Treat these practices in this way. Don’t be afraid to return the ones that don’t fit and hang them back on the rack. And perhaps the next time you come into the store, your body will have changed a bit, and those clothes will fit. You find the same dress and say, “I loved this but it didn’t fit. Well, I’ll try it on again.” And this time it fits.

All I can give you is a number of practices that have worked for me and that I have seen work for many people. When I say “work”, have fit me, to help me out of suffering.

Eventually you do have to come to that place where the solid self disappears. I think most of you have heard from me the story of my final human lifetime. Let me ask: is there anybody here who has not heard this story? … Okay, only one, so I’m not going to tell it. (The story is appended to this transcript.)
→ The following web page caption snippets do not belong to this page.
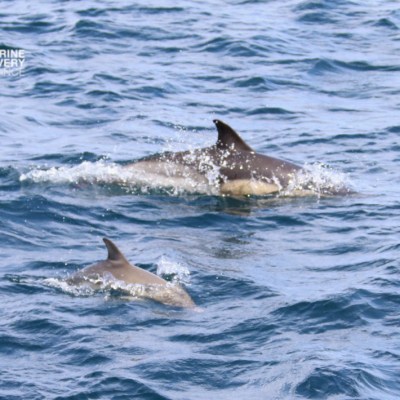 Two dolphins swimming in the ocean with rippling water.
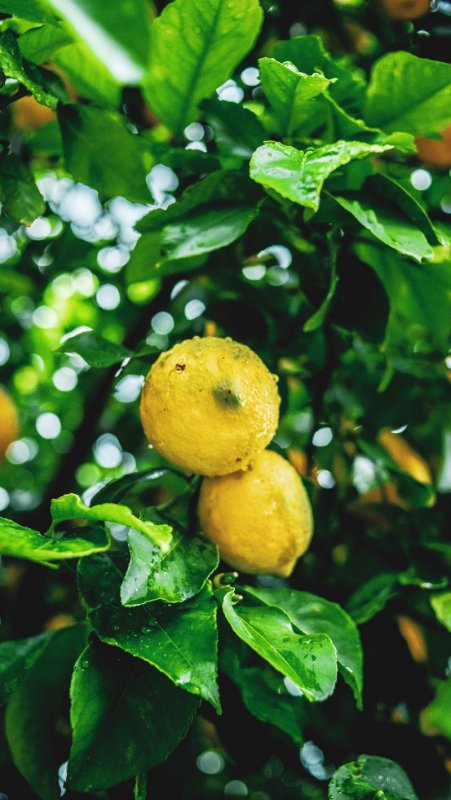 Листья лимона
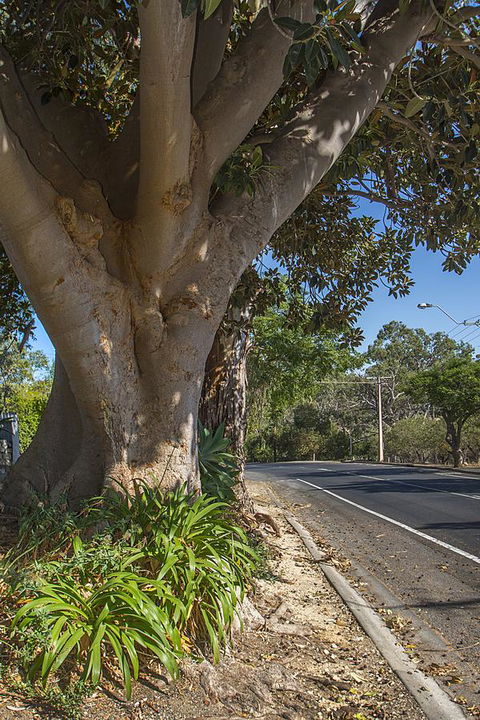 Stoneleigh Cottage Bed And Breakfast - Click Find 25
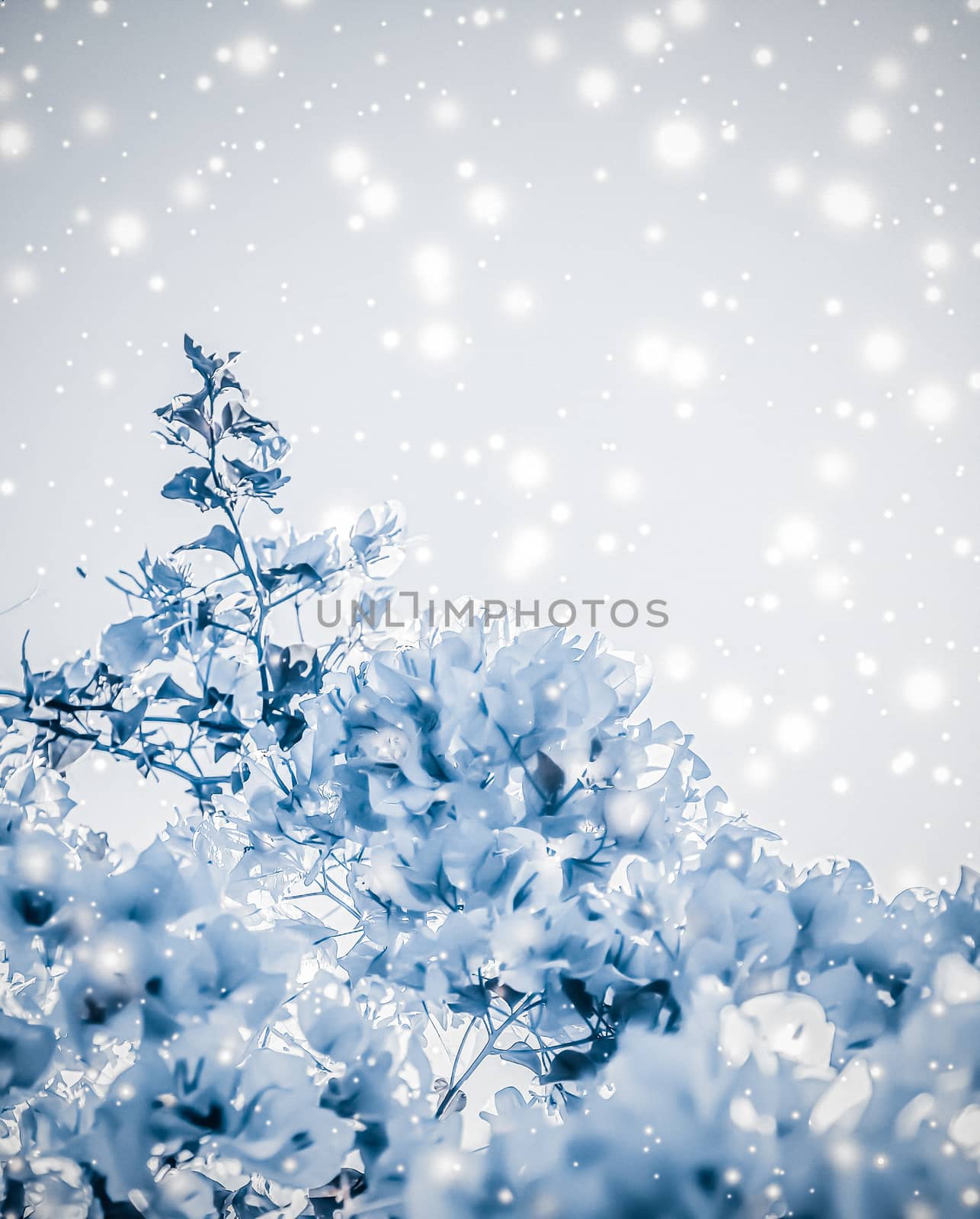 Christmas, New Years blue floral nature background, holiday card by Anneleven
I was fleeing— I’m not going to go into the details; you know the details- but, I was fleeing from shame, sadness, grief, anger. I wanted so badly to awaken because I was suffering so much. I had a very, very strong meditation practice, in which I was able to hold strong concentration for long periods of time, nothing to disturb me. But when I came out of that deep practice the suffering was still there. So, I was subtly misusing my practice as an escape from suffering, rather than being willing to look at the roots of suffering. My practice became an armoring from the suffering.

As I walked down the trail that rainy night, the tree fell down on me, pinning me to the ground. I called on every ounce of my practice, wanting to get free, watching the grasping. Sadness, frustration, feeling weak. Feeling ashamed, because I felt I should be okay lying here on the ground, pinned in the mud in a rainstorm with a thorn tree lying on top of me. Not breaking my skin, but if I moved, it would. So I lay there breathing, finding some space. And yet, always with the subtle background thought, “Somebody will be along soon. I won’t be here too long. I’ll be safe.” But I neglected the other side of it: what if I’m not safe? What if I die right here?

And then I heard the tiger— heard its breath, its growling, its footsteps— and I could no longer say, “I’ll be safe.” Terror arose: what’s he going to eat first? Will he bite off my leg? How painful will that be? Will he just take my foot and go away? Maybe I’ll survive, but I’ll be a cripple. What will happen to me? Pinned by these big thorns, unable to move. But of course, the thorns protected me. My tiger friend could not get in any more than I could get out.

So, he prowled and he growled; he paced, he panted. Back and forth. Actually she— it was a female tiger. (How did I know that? We tracked her afterward and found her den with her cubs. She was hungry and looking for food for her cubs.) Lying there in the mud, just me and the tiger, and the reality: there is no place for me to go. I will either live out this night, or I will not live out this night. The choice is not whether I will Iive or die but whether these last hours of my life— or this one night in my life— will be a peaceful and happy one or one filled with terror and anguish.

Now, I can’t just turn a switch and say, “No anguish here! I’m going to be happy!” Lying there in the mud that night I finally saw the reality: there is no self experiencing it, there is only the karma and unfolding of conditions. I have the opportunity to shift all of this now, in this moment, to let it go— not me but awareness, kindness, presence. So, I simply began to recite metta for myself and the tiger.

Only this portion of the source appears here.